## PROBLEM STATEMENT
What is needed here is a faithful repeat of every entry, with no character changed.

DATA RECORDS below:

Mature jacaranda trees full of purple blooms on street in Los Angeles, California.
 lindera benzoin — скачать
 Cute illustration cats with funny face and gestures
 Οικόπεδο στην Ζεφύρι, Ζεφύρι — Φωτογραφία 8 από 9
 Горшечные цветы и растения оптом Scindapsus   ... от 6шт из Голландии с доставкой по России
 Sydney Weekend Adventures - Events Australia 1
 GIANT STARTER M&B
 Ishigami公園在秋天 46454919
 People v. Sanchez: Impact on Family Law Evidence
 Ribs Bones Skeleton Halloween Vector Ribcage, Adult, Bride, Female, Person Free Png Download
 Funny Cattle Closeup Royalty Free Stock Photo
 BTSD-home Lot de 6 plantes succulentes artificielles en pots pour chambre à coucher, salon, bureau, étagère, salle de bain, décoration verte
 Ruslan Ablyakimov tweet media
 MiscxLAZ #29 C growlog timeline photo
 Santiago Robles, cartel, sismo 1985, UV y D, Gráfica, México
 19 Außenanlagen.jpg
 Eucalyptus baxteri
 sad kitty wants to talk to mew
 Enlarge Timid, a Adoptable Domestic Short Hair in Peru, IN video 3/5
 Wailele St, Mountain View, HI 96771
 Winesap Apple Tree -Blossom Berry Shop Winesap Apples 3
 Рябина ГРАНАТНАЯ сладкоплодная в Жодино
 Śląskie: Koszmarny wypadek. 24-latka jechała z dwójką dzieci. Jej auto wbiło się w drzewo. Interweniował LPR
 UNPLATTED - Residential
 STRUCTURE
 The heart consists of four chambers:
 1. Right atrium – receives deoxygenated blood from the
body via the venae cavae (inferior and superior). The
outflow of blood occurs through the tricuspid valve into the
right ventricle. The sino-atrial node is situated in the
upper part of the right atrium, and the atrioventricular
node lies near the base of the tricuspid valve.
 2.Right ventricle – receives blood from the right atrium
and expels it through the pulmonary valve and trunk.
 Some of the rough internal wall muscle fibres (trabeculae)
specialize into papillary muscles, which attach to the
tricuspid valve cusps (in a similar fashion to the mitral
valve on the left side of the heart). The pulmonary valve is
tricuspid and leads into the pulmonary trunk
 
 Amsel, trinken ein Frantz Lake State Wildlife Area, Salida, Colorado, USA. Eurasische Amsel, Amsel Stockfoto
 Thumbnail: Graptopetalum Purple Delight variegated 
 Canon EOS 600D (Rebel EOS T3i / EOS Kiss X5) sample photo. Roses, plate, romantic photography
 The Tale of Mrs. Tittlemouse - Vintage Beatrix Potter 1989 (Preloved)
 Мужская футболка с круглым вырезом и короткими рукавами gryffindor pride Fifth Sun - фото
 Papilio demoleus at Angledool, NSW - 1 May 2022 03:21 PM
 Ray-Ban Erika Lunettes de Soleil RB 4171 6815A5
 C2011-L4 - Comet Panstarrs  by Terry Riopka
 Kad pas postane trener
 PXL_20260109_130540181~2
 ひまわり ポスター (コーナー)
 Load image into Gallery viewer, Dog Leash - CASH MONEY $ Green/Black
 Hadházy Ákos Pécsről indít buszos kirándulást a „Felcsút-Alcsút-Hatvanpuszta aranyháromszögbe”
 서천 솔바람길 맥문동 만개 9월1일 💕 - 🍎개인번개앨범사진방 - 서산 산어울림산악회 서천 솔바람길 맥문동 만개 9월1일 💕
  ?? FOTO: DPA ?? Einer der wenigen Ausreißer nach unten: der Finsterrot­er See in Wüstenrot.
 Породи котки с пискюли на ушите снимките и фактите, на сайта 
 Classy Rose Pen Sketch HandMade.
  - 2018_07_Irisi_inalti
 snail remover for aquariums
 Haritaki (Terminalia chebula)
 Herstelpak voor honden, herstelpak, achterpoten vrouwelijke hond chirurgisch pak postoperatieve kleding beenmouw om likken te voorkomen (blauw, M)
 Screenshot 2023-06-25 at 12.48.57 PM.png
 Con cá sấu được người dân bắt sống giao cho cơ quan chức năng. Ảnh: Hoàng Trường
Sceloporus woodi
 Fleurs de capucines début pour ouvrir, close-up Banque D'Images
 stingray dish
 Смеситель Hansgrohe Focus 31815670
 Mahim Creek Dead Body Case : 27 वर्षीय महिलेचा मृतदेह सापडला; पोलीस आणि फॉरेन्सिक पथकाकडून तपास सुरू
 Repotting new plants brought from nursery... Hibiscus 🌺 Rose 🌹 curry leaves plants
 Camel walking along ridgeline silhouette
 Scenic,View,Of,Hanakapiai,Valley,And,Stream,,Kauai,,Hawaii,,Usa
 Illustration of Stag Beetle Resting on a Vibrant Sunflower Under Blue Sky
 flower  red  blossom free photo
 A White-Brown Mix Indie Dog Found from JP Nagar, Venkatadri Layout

End of DATA RECORDS.

## RESPONSE AREA
Mature jacaranda trees full of purple blooms on street in Los Angeles, California.
 lindera benzoin — скачать
 Cute illustration cats with funny face and gestures
 Οικόπεδο στην Ζεφύρι, Ζεφύρι — Φωτογραφία 8 από 9
 Горшечные цветы и растения оптом Scindapsus   ... от 6шт из Голландии с доставкой по России
 Sydney Weekend Adventures - Events Australia 1
 GIANT STARTER M&B
 Ishigami公園在秋天 46454919
 People v. Sanchez: Impact on Family Law Evidence
 Ribs Bones Skeleton Halloween Vector Ribcage, Adult, Bride, Female, Person Free Png Download
 Funny Cattle Closeup Royalty Free Stock Photo
 BTSD-home Lot de 6 plantes succulentes artificielles en pots pour chambre à coucher, salon, bureau, étagère, salle de bain, décoration verte
 Ruslan Ablyakimov tweet media
 MiscxLAZ #29 C growlog timeline photo
 Santiago Robles, cartel, sismo 1985, UV y D, Gráfica, México
 19 Außenanlagen.jpg
 Eucalyptus baxteri
 sad kitty wants to talk to mew
 Enlarge Timid, a Adoptable Domestic Short Hair in Peru, IN video 3/5
 Wailele St, Mountain View, HI 96771
 Winesap Apple Tree -Blossom Berry Shop Winesap Apples 3
 Рябина ГРАНАТНАЯ сладкоплодная в Жодино
 Śląskie: Koszmarny wypadek. 24-latka jechała z dwójką dzieci. Jej auto wbiło się w drzewo. Interweniował LPR
 UNPLATTED - Residential
 STRUCTURE
 The heart consists of four chambers:
 1. Right atrium – receives deoxygenated blood from the
body via the venae cavae (inferior and superior). The
outflow of blood occurs through the tricuspid valve into the
right ventricle. The sino-atrial node is situated in the
upper part of the right atrium, and the atrioventricular
node lies near the base of the tricuspid valve.
 2.Right ventricle – receives blood from the right atrium
and expels it through the pulmonary valve and trunk.
 Some of the rough internal wall muscle fibres (trabeculae)
specialize into papillary muscles, which attach to the
tricuspid valve cusps (in a similar fashion to the mitral
valve on the left side of the heart). The pulmonary valve is
tricuspid and leads into the pulmonary trunk
 
 Amsel, trinken ein Frantz Lake State Wildlife Area, Salida, Colorado, USA. Eurasische Amsel, Amsel Stockfoto
 Thumbnail: Graptopetalum Purple Delight variegated 
 Canon EOS 600D (Rebel EOS T3i / EOS Kiss X5) sample photo. Roses, plate, romantic photography
 The Tale of Mrs. Tittlemouse - Vintage Beatrix Potter 1989 (Preloved)
 Мужская футболка с круглым вырезом и короткими рукавами gryffindor pride Fifth Sun - фото
 Papilio demoleus at Angledool, NSW - 1 May 2022 03:21 PM
 Ray-Ban Erika Lunettes de Soleil RB 4171 6815A5
 C2011-L4 - Comet Panstarrs  by Terry Riopka
 Kad pas postane trener
 PXL_20260109_130540181~2
 ひまわり ポスター (コーナー)
 Load image into Gallery viewer, Dog Leash - CASH MONEY $ Green/Black
 Hadházy Ákos Pécsről indít buszos kirándulást a „Felcsút-Alcsút-Hatvanpuszta aranyháromszögbe”
 서천 솔바람길 맥문동 만개 9월1일 💕 - 🍎개인번개앨범사진방 - 서산 산어울림산악회 서천 솔바람길 맥문동 만개 9월1일 💕
  ?? FOTO: DPA ?? Einer der wenigen Ausreißer nach unten: der Finsterrot­er See in Wüstenrot.
 Породи котки с пискюли на ушите снимките и фактите, на сайта 
 Classy Rose Pen Sketch HandMade.
  - 2018_07_Irisi_inalti
 snail remover for aquariums
 Haritaki (Terminalia chebula)
 Herstelpak voor honden, herstelpak, achterpoten vrouwelijke hond chirurgisch pak postoperatieve kleding beenmouw om likken te voorkomen (blauw, M)
 Screenshot 2023-06-25 at 12.48.57 PM.png
 Con cá sấu được người dân bắt sống giao cho cơ quan chức năng. Ảnh: Hoàng Trường
Sceloporus woodi
 Fleurs de capucines début pour ouvrir, close-up Banque D'Images
 stingray dish
 Смеситель Hansgrohe Focus 31815670
 Mahim Creek Dead Body Case : 27 वर्षीय महिलेचा मृतदेह सापडला; पोलीस आणि फॉरेन्सिक पथकाकडून तपास सुरू
 Repotting new plants brought from nursery... Hibiscus 🌺 Rose 🌹 curry leaves plants
 Camel walking along ridgeline silhouette
 Scenic,View,Of,Hanakapiai,Valley,And,Stream,,Kauai,,Hawaii,,Usa
 Illustration of Stag Beetle Resting on a Vibrant Sunflower Under Blue Sky
 flower  red  blossom free photo
 A White-Brown Mix Indie Dog Found from JP Nagar, Venkatadri Layout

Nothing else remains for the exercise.